▸ Given data
= = =

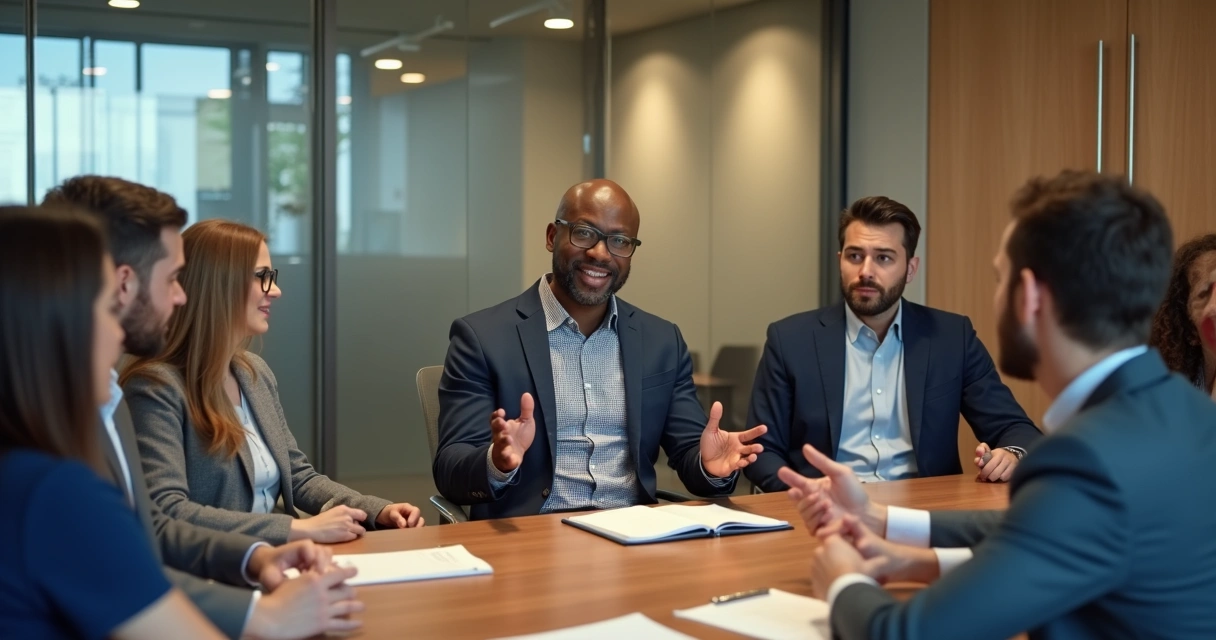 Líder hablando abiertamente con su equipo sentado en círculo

= = =

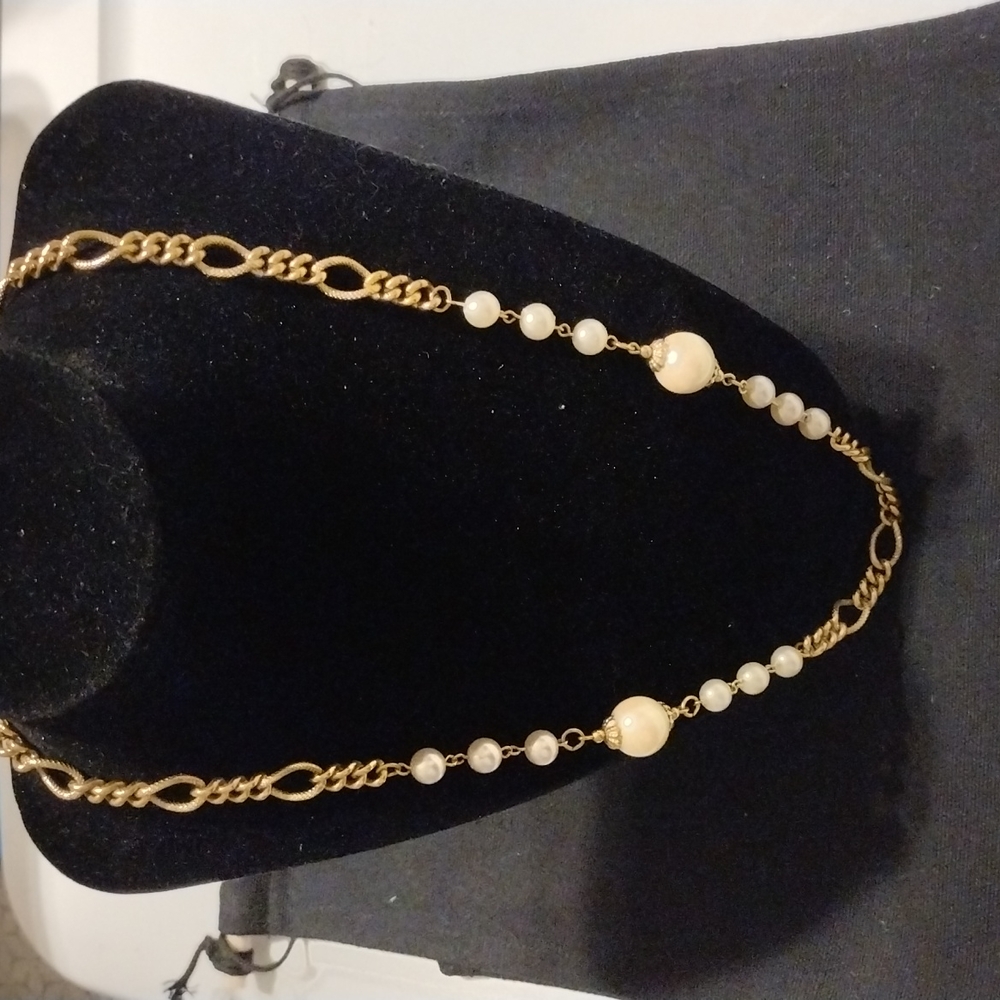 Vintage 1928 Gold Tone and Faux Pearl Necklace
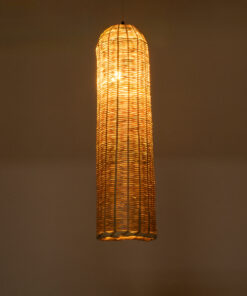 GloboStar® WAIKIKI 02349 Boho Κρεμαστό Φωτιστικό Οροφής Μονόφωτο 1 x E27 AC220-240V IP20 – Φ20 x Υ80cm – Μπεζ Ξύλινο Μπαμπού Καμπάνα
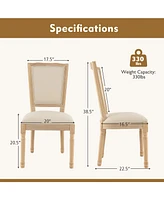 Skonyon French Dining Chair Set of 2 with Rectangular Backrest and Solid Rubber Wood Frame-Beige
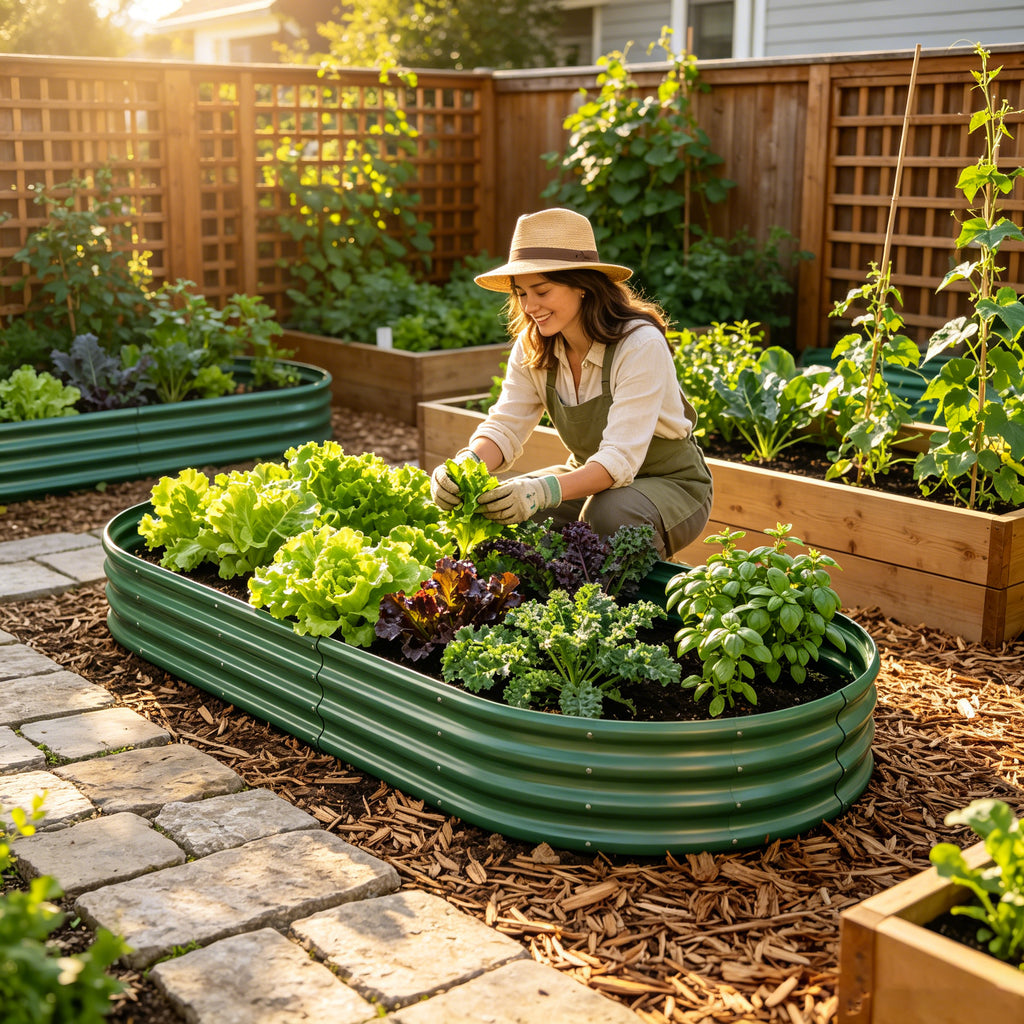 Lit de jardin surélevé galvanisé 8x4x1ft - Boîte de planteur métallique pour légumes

= = =

▸ Problem requirements
Reproduce, exactly and only, the lines of the records above starting at the line with "Skonyon French Dining" and ending at the line with "Lit de jardin", both included. Leave every picture out.

▸ Solution below
 Skonyon French Dining Chair Set of 2 with Rectangular Backrest and Solid Rubber Wood Frame-Beige
 Lit de jardin surélevé galvanisé 8x4x1ft - Boîte de planteur métallique pour légumes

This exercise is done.